» **TASK STATEMENT**
Beginning at the top of the material, repeat each line exactly, and stop once the line with "Personalized Blessed To" has been written.

____

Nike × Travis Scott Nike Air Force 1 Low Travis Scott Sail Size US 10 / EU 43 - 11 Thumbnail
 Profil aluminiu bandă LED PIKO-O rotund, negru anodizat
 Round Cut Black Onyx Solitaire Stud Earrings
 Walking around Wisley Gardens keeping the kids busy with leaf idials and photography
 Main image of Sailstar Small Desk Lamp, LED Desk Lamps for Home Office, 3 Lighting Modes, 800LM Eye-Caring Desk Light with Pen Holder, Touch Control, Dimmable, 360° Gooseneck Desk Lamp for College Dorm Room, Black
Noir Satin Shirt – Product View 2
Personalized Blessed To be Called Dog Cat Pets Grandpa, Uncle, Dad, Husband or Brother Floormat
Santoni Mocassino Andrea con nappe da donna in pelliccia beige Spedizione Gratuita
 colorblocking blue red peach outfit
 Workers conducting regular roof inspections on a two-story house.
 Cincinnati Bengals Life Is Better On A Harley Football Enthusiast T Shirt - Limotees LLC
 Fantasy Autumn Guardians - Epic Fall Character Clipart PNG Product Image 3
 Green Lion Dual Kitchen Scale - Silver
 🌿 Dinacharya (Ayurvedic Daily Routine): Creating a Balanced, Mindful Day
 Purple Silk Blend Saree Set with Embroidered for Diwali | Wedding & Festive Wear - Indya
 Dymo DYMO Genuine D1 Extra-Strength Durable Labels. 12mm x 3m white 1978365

____

» **THE COMPLETED TASK**
Nike × Travis Scott Nike Air Force 1 Low Travis Scott Sail Size US 10 / EU 43 - 11 Thumbnail
 Profil aluminiu bandă LED PIKO-O rotund, negru anodizat
 Round Cut Black Onyx Solitaire Stud Earrings
 Walking around Wisley Gardens keeping the kids busy with leaf idials and photography
 Main image of Sailstar Small Desk Lamp, LED Desk Lamps for Home Office, 3 Lighting Modes, 800LM Eye-Caring Desk Light with Pen Holder, Touch Control, Dimmable, 360° Gooseneck Desk Lamp for College Dorm Room, Black
Noir Satin Shirt – Product View 2
Personalized Blessed To be Called Dog Cat Pets Grandpa, Uncle, Dad, Husband or Brother Floormat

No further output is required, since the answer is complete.